» Dataset excerpts
----------------

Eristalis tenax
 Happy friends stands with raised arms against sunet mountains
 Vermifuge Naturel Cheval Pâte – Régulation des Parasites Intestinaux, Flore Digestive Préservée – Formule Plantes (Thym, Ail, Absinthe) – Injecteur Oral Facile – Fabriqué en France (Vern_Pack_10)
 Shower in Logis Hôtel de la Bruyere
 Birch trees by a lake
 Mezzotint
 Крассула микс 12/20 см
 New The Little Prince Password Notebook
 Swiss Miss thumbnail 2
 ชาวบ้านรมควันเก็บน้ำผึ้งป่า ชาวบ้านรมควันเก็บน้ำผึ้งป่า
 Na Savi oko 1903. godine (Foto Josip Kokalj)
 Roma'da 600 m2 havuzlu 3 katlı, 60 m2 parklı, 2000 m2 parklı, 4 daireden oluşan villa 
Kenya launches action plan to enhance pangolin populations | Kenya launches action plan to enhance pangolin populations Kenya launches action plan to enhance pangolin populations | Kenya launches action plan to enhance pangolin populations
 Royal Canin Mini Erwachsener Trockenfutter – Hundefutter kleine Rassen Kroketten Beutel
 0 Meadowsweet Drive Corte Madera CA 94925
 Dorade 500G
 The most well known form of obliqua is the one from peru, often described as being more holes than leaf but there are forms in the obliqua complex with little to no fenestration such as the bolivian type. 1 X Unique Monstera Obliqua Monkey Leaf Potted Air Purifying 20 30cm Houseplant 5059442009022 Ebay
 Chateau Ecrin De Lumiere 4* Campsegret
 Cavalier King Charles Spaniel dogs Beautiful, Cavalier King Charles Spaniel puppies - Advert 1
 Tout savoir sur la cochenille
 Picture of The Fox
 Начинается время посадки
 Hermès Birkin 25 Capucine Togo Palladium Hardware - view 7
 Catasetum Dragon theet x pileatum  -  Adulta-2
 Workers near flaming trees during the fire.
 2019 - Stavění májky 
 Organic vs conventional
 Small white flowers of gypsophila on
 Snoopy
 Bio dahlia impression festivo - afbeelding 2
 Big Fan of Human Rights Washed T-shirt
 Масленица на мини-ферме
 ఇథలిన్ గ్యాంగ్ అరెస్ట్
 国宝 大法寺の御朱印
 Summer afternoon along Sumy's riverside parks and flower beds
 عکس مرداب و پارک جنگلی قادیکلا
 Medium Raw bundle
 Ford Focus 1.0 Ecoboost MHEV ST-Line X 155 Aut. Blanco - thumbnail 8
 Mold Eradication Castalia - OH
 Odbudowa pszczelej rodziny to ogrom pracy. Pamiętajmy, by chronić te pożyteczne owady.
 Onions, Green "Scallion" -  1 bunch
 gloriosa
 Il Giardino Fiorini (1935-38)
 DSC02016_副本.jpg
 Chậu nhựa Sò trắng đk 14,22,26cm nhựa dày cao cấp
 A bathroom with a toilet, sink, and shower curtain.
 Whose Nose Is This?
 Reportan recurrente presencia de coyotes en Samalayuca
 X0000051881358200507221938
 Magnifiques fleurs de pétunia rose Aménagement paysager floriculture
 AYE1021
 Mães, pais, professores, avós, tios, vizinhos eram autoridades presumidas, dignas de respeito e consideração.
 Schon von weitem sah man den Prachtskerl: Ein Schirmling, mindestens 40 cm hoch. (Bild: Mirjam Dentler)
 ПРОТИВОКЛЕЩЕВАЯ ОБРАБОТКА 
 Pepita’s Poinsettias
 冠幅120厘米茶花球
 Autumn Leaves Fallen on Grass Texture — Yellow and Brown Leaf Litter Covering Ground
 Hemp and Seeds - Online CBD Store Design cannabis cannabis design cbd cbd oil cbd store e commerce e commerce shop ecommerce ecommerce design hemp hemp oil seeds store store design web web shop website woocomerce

----------------

» The problem
In the listing above, find the line with "0 Meadowsweet Drive Corte Madera CA 94925" and the line with "Medium Raw bundle"; output exactly those lines and all lines between them.

» Finished task
 0 Meadowsweet Drive Corte Madera CA 94925
 Dorade 500G
 The most well known form of obliqua is the one from peru, often described as being more holes than leaf but there are forms in the obliqua complex with little to no fenestration such as the bolivian type. 1 X Unique Monstera Obliqua Monkey Leaf Potted Air Purifying 20 30cm Houseplant 5059442009022 Ebay
 Chateau Ecrin De Lumiere 4* Campsegret
 Cavalier King Charles Spaniel dogs Beautiful, Cavalier King Charles Spaniel puppies - Advert 1
 Tout savoir sur la cochenille
 Picture of The Fox
 Начинается время посадки
 Hermès Birkin 25 Capucine Togo Palladium Hardware - view 7
 Catasetum Dragon theet x pileatum  -  Adulta-2
 Workers near flaming trees during the fire.
 2019 - Stavění májky 
 Organic vs conventional
 Small white flowers of gypsophila on
 Snoopy
 Bio dahlia impression festivo - afbeelding 2
 Big Fan of Human Rights Washed T-shirt
 Масленица на мини-ферме
 ఇథలిన్ గ్యాంగ్ అరెస్ట్
 国宝 大法寺の御朱印
 Summer afternoon along Sumy's riverside parks and flower beds
 عکس مرداب و پارک جنگلی قادیکلا
 Medium Raw bundle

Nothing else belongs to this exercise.